Director: Wang Yichun 王一淳.
Rating: 7/10.
Period coming-of-age film is a thoughtful, offbeat study of adolescence that holds the attention.
A sleepy town in Henan province, central China, 16 May 1991. The naked corpse of a young woman is found by the lake and is identified as that of a student who’s been raped. A cross symbol is cut into her thigh. One of the local policemen on the case is Qu Zhicheng (Guo Xiao), who studied forensic medicine at college; his boss is Cao, who simply wants a conviction as soon as possible. The whole town takes an interest in the case, including Qu Zhicheng’s quietly rebellious teenage daughter Qu Jing (Su Xiaotong), who’s always being scolded by her mother (Liu Dan). In her spare time, Qu Jing helps out at a local old people’s home, where one bedridden old man, Liu (Wang Zhengping), comes on to her one day. Qu Jing’s best friend at junior high school is classmate Zhang Xue (Lu Qiwei), also the daughter of a local policeman (Zhou Kui); but Qu Jing’s father considers the overtly sexy Zhang Xue, who just wants to get out of the town, to be a bad influence. Under pressure from above, the police arrest a suspect (Deng Gang) and make him confess; but then another female body is found by the lake with the same mark cut into her thigh. One day, while singing in a junkyard where she secretly goes to indulge her passion for performing, Qu Jing finds a boy, Han Jian (Gu Qilin), has been recording her. Her father arrests him but later lets him go as he knows the boy’s father. Meanwhile, Zhang Xue, who has been having trouble with a local lout, Zhao Fei (Jiang Xueming), who fancies her, is expelled from school and disappears. On 1 Jun, International Children’s Day, Qu Jing is honoured in a school ceremony. Soon after, Han Jian approaches her to go out on a date. But then another female corpse is found: already starting to decompose, it’s in an old air-raid shelter once frequented by Zhang Xue and Zhao Fei.
REVIEW
A junior high schooler goes through a disquieting summer as a serial killer stalks her sleepy town in What’s in the Darkness 黑处有什么, a first feature by Mainland writer-director Wang Yichun 王一淳 that shows a fine control of tone and nuance despite working in a well-trodden genre. Set and shot in Lankao county, Henan province, where Wang herself grew up, and marbled with autobiographical elements, the film is actually a coming-of-age story decorated with a crime background than the other way round, and won’t satisfy those looking for a whodunit set in rural China. But as a portrait of an “average” girl in her early teens, at the beginning of a crucial decade of change in the Mainland, Darkness is an entertaining, thoughtful and offbeat study of adolescence that holds the attention across its 100 minutes.
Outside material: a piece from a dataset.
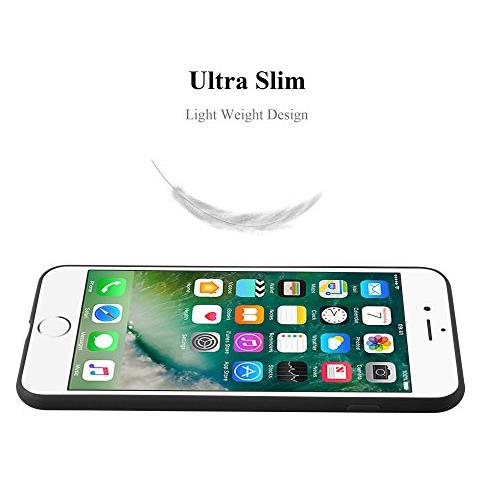 Custodia Compatibile Con Apple Iphone 8 Plus / 7 Plus / 7s Plus In Candy Nero - Coperchio Protettivo In Silicone Tpu Flessibile - Foto 2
Born in 1977, Wang herself was the same age as her protagonist in 1991, when the film opens with the discovery of a naked female corpse by the town’s lake. It turns out to be that of a raped student, with a cross-like mark cut into her thigh. The local police have never had anything like this to deal with and, apart from Qu Zhicheng who studied forensic medicines at college, are at a complete loss. Under pressure from above, they arrest a suspect and beat a confession out of him, but when another corpse turns up it’s clear they’ve got the wrong man. As Qu Zhicheng wrestles with the case, his young teenage daughter, Qu Jing, wrestles with her adolescence.
As well as bringing some structure and atmosphere to an otherwise episodic and largely generic coming-of-age movie, the whole serial-killer strand, which floats in and out of the film, symbolises the “dangers” of growing up as a girl enters her teens and the individual way in which Qu Jing embraces them. The lake area is described as full of “nasty people” and somewhere Qu Jing shouldn’t hang out, though it’s clear she’s as much fascinated by the details of the sordid murders as repelled by them. The same goes for her relationship with her best friend, the more attractive and sexually mature Zhang Xue, who just wants to get out of the sleepy town. It’s made clear that Qu Jing has vague ambitions of her own – to be a pop singer, mostly – but she puts up with her mother’s incessant scolding, her best friend’s condescension, the hesitant approaches of a boy who fancies her, and even a bit of harrassment from an old people’s home codger, as she bides her time during adolescence. Like China itself in the early 1990s – as it morphed from a collective to a more individual mindset and structure – Qu Jing has a long way still to go and doesn’t want to rock the boat.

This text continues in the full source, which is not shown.